Quand on ne parvient pas à convaincre par la persuasion, on essaie d’imposer par la force, écrivait le philosophe britannique Bertrand Russel dans son livre Power. Et par la peur, est-on tenté d’ajouter à la lumière du verdict de dix ans de prison prononcé le 23 janvier pour crime de lèse-majesté contre Somyot Preuksakasemsuk, directeur du journal Voice of Taksin. Le verdict de la Cour pénale de Bangkok est remarquable par plusieurs de ses aspects. D’abord, le flou grandissant du champ d’application de l’article 112 du Code pénal qui punit d’une peine de trois à quinze ans de prison ceux qui critiquent ou insultent « le roi, la reine, l’héritier du trône ou le régent ». Selon une dérive déjà notée lors de verdicts précédents, Somyot a été puni pour des articles qu’il n’a pas écrits et où les noms du roi, de la reine ou du prince héritier n’étaient pas directement mentionnés. Lors d’un verdict récent, le militant Chemise rouge et ancien comédien Yossawarit Chuklom avait lui aussi été condamné à plusieurs années de prison pour avoir évoqué lors d’un discours en 2010 « quelqu’un qui s’oppose à la dissolution du gouvernement d’Abhisit Vejjajiva » et avoir ensuite mis les mains devant sa bouche en guise de baillon pour ne pas avoir à prononcer le nom de la personne en question. Les juges se réservent donc le droit de deviner si tel ou tel propos, tel ou tel écrit fait référence indirectement au roi, à la reine ou à l’héritier du trône.

Deuxième aspect : la sévérité extrême de la peine. La vaste disproportion entre le crime commis – un article publié dans un magazine militant et qui ne semble pas avoir provoqué un mouvement de révolte significatif au sein de la population – et la peine massive, « juridiquement folle » pour reprendre les termes d’une représentante de l’Union européenne quelques instants après le verdict. Faut-il rappeler le cas du policier condamné en 2006 à trois ans de prison pour avoir fait « disparaître » l’avocat Somchai Neelapaijit et, qui s’est éclipsé après avoir été libéré sous caution ? Celui du fils de l’actuel vice-Premier ministre Chalerm Yoombarung que plusieurs témoins ont vu tirer sur un policier dans une discothèque, mais acquitté en 2004 pour « absence de preuves » ? Somyot, qui, pendant des décennies, s’est engagé dans la défense des droits des travailleurs, s’est vu refuser à douze reprises la libération sous caution. L’objectif de cette attitude des tribunaux, se permettant une interprétation très large de la loi alors même qu’elle porte atteinte à des droits fondamentaux de liberté d’expression et de liberté de la presse et assénant des peines disproportionnées, semble bien avoir pour but de créer une atmosphère de peur diffuse, mettant chacun sur le qui-vive, cela d’autant plus que personne ne sait exactement ce qui est permis et ce qui ne l’est pas.

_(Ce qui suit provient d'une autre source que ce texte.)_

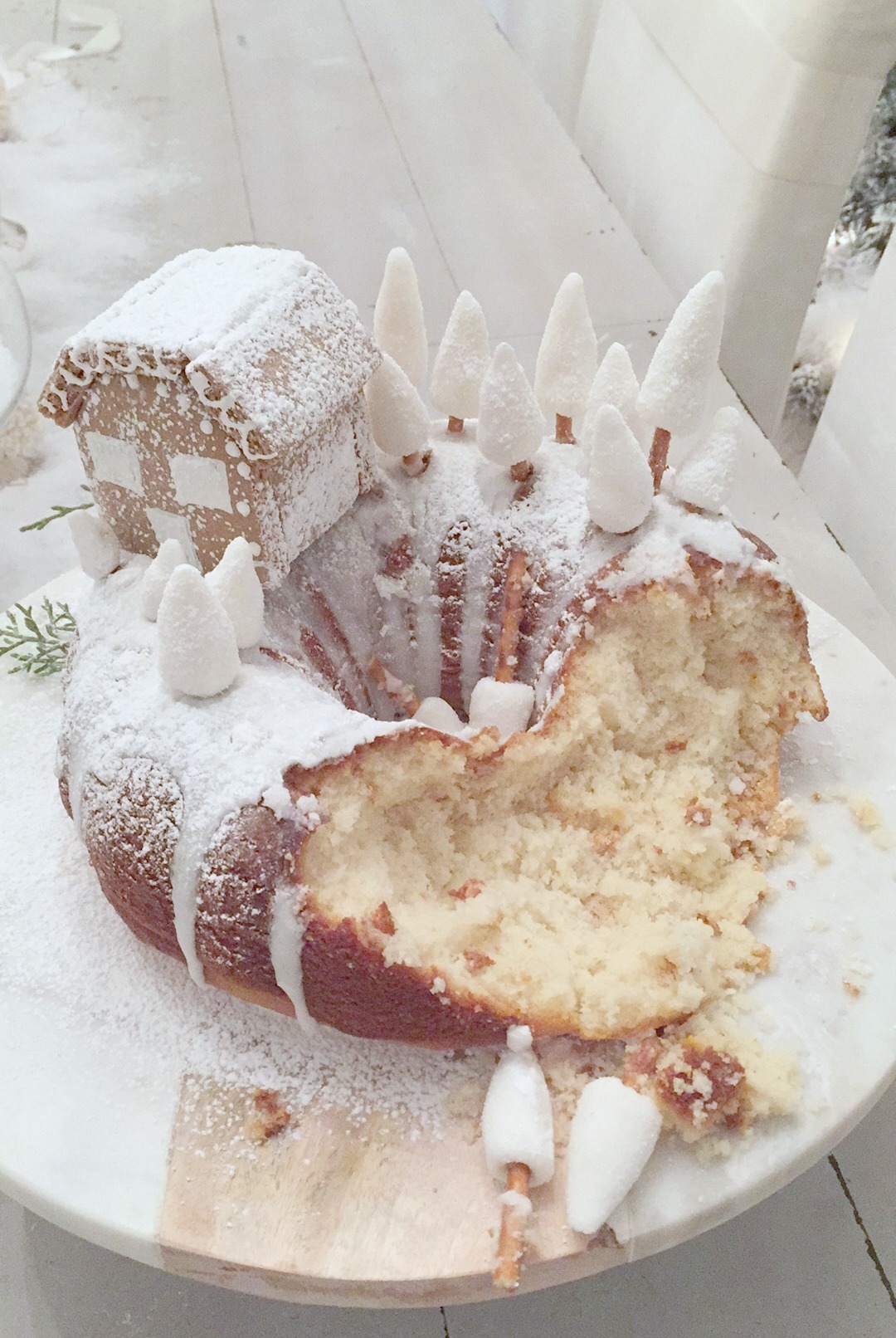 Classic Gingerbread Cake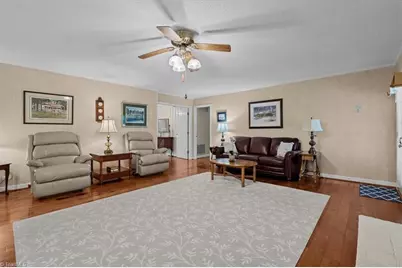 4503 Doncaster Drive, Greensboro, NC 27406 - Photo 14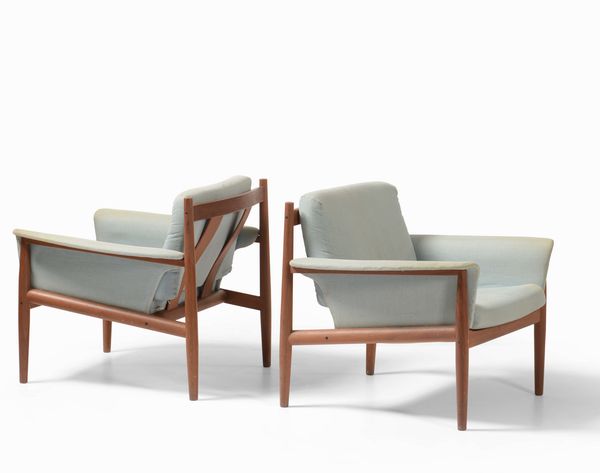 Coppia di poltrone con struttura in legno e rivestimenti in tessuto.  - Asta Antiquariato Settembre - Associazione Nazionale - Case d'Asta italiane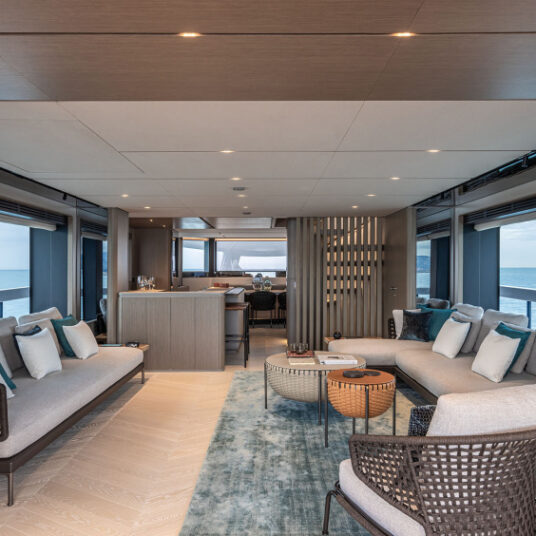 FerrettiYachtsINFYNITO90NewContemporary_0000_74887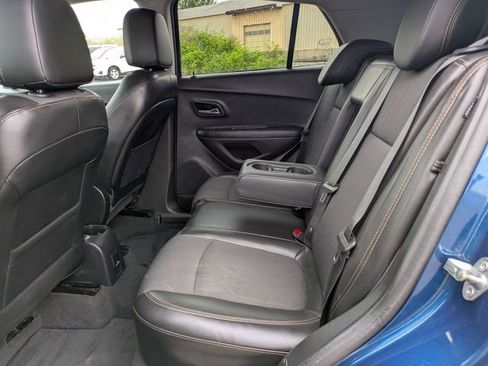 Used 2019 Chevrolet Trax LT w/ LT Convenience Package AWD/4WD image 19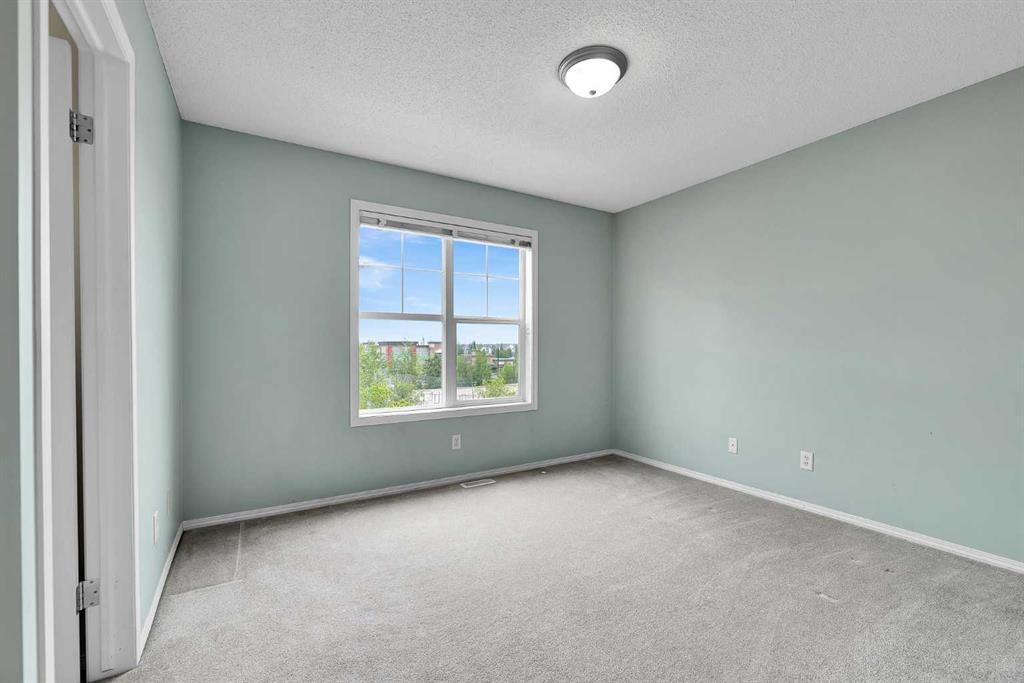207 Mckenzie Towne Gate Se, Calgary, AB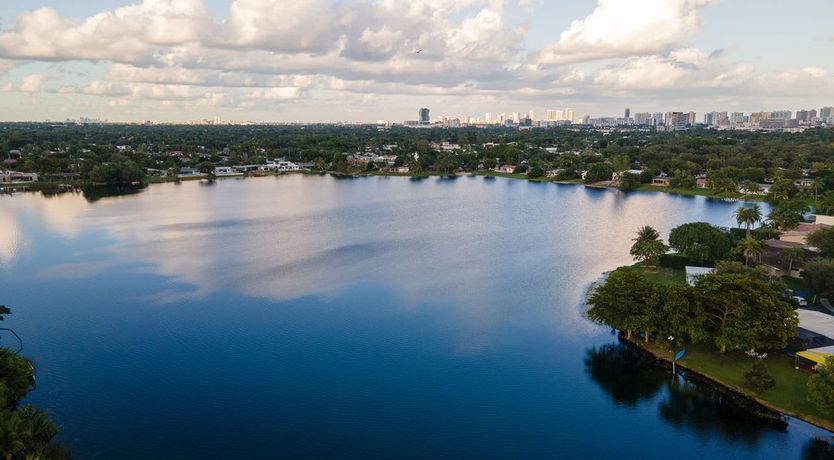Photo of Lake & Light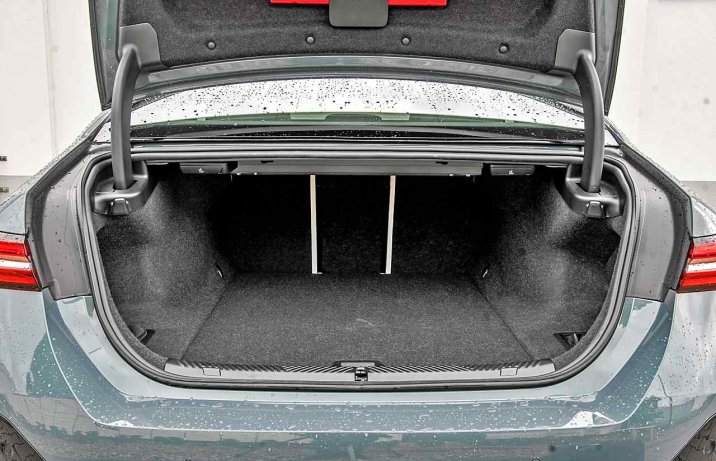 BMW i5 eDrive40 – bagażnik
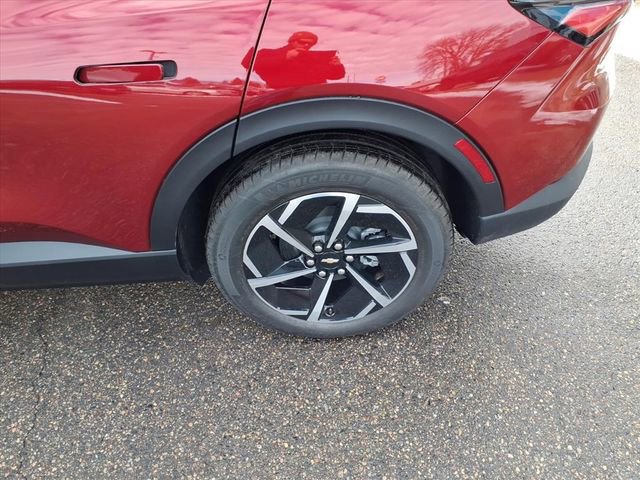 New 2026 Chevrolet Equinox EV LT image 21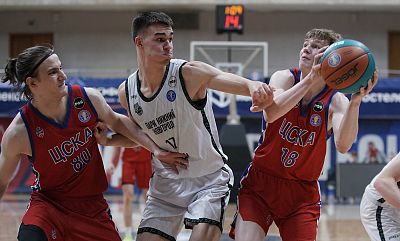 Ростислав Гусев и Глеб Бухалов (фото: Т. Макеева, cskabasket.com)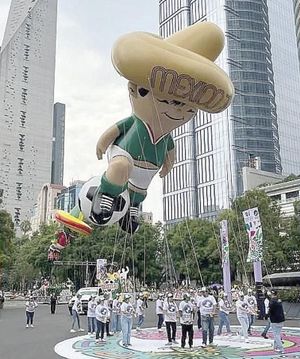 ¡ARRANCA EL 'GRAN DESFILE MUNDIALISTA'!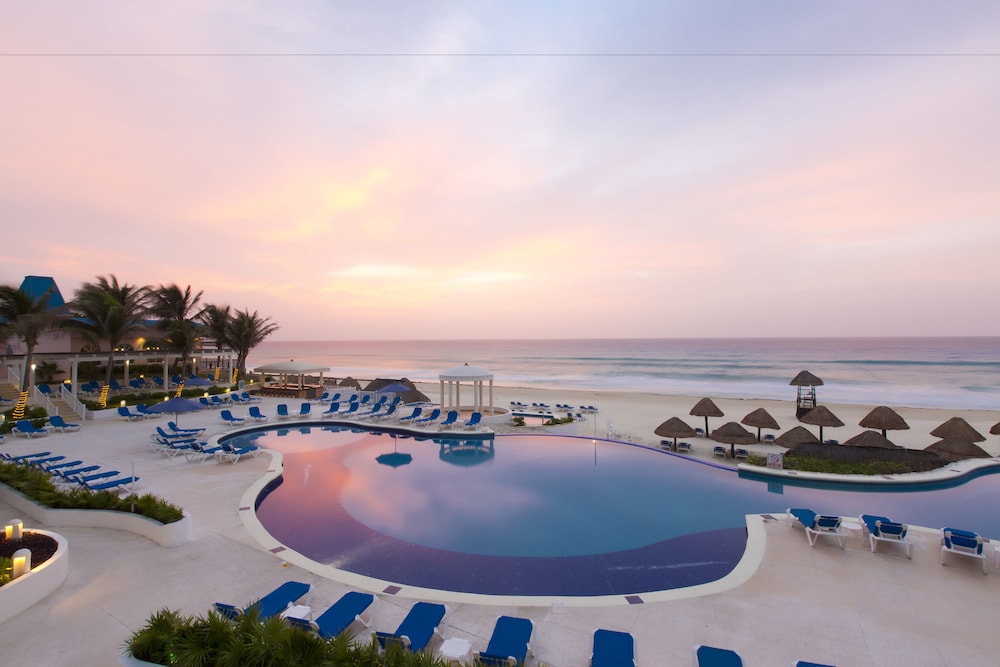 Golden Parnassus All Inclusive Resort & Spa Adults Only in Cancun, Mexico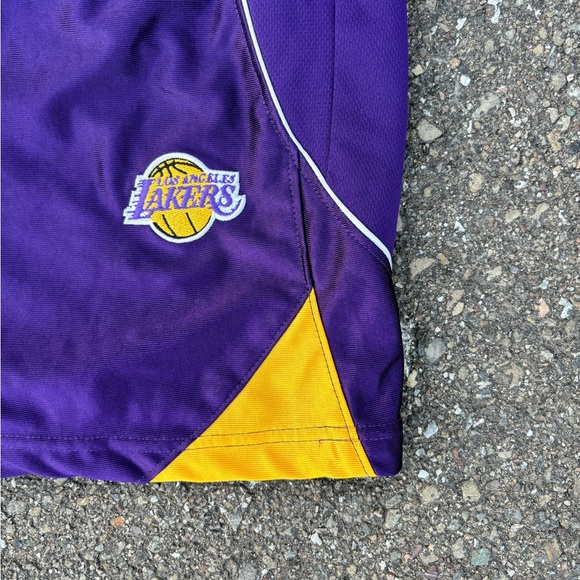 Y2K Los Angeles Lakers Athletic Basketball Shorts - Picture 4 of 9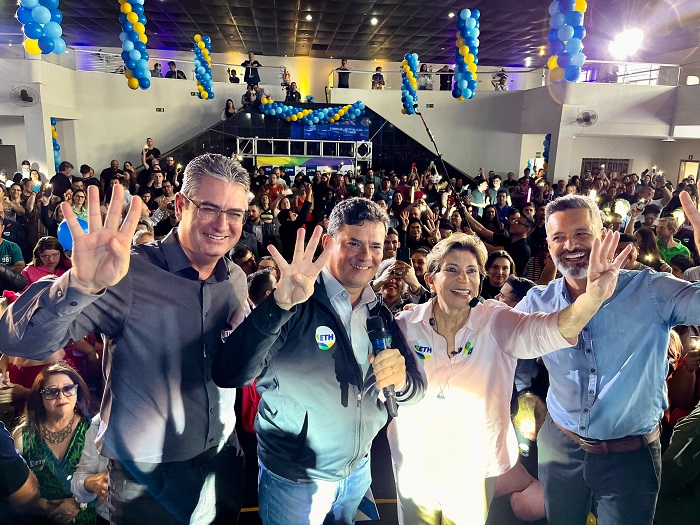 PREFEITA ELIZABETH SCHMIDT INICIA O SEU SEGUNDO MANDATO COM POSSE NO ÓPERA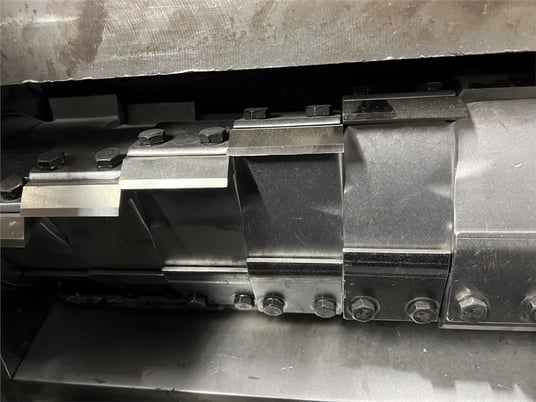 11" x 20" MPG #M1120, granulator, 15 HP, starter Control, 21 blade staggerd knife rotor, bolt on blades - Image 8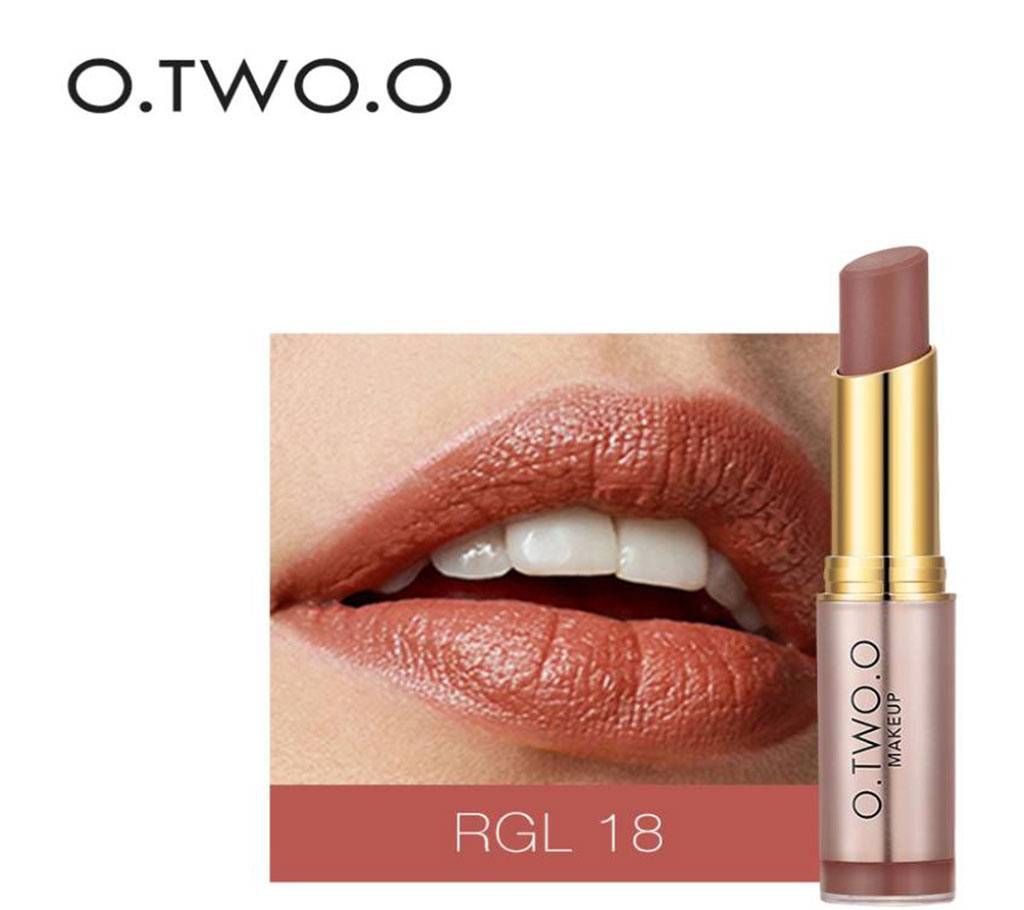 O.TWO.O Revolution(Shade-18) lipstick- china  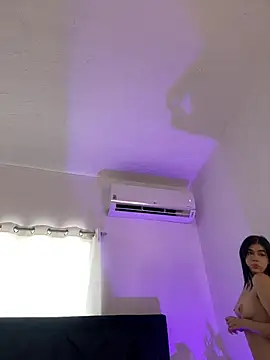 Snapshot of Lily_Woodz chatting on 07-05-26, 02:24 Lily Woodz online show from 07-05-26, 02:24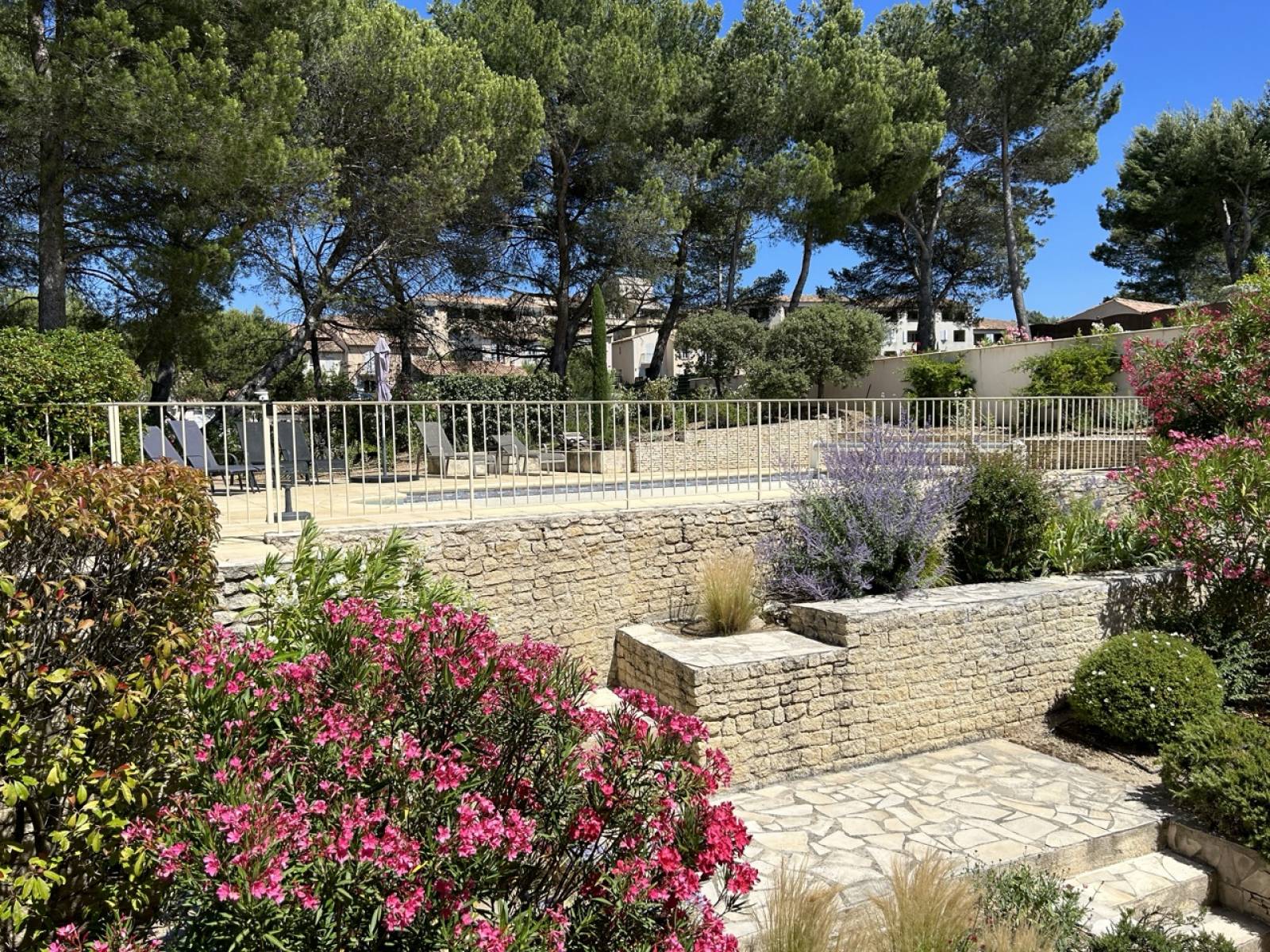 Exclusivité LIBRE Maison meublée T5 avec piscine privative chauffée Domaine et Golf de Pont Poyal en Provence  piscine chauffée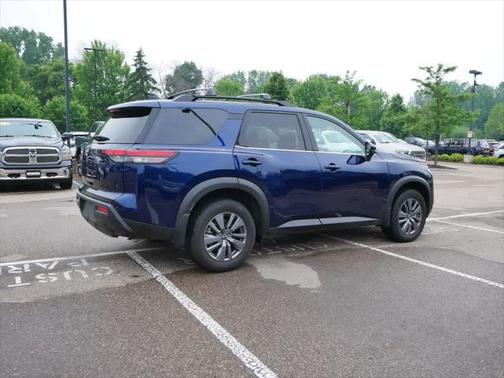 2024 Nissan Pathfinder SV 4WD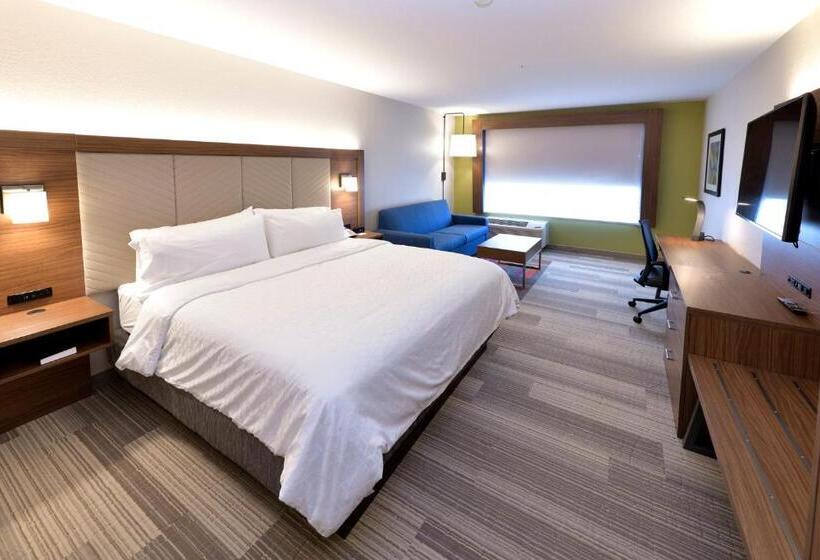 带大床的套房, Holiday Inn Express & Suites   Millersburg, An Ihg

Il n’est toutefois pas évident que cette stratégie soit payante. Pour un lourd verdict contre un vieil homme malade qui aurait envoyé des texto insultant la famille royale, des dizaines de milliers de personnes s’insurgent sur la Toile et se mobilisent. Pour un jugement déraisonnable contre un patron de journal qui aurait laissé publier deux articles critiques envers la monarchie, des dizaines de milliers de défenseurs des libertés fondamentales, y compris des gouvernements étrangers et des organisations internationales, s’interrogent sur les engagements démocratiques de la Thaïlande, dont le roi est le chef d’Etat.

Alors pourquoi une partie des juges s’enferrent-ils dans cette logique destructrice ? Peut-être simplement parce qu’ils ont l’impression que, s’ils laissaient « s’ouvrir le débat », ils ne parviendraient plus à le contrôler. Et ils sentent bien aussi que ce débat remettrait aussi en cause leur propre position dans la société (les juges étant protégés par des lois similaires dans leur fonctionnement aux lois contre le crime de lèse-majesté). Dans leur vision, il s’agit de réprimer encore et toujours, d’une manière qui ressemble de plus en plus aux comportements des systèmes judiciaires des régimes autocratiques. Peut-être par anticipation d’un prochain règne qui sera immanquablement chahuté, mais sans s’apercevoir que par leur étroitesse d’esprit ils sont en train de contribuer à la destruction de l’institution qu’ils s’imaginent défendre.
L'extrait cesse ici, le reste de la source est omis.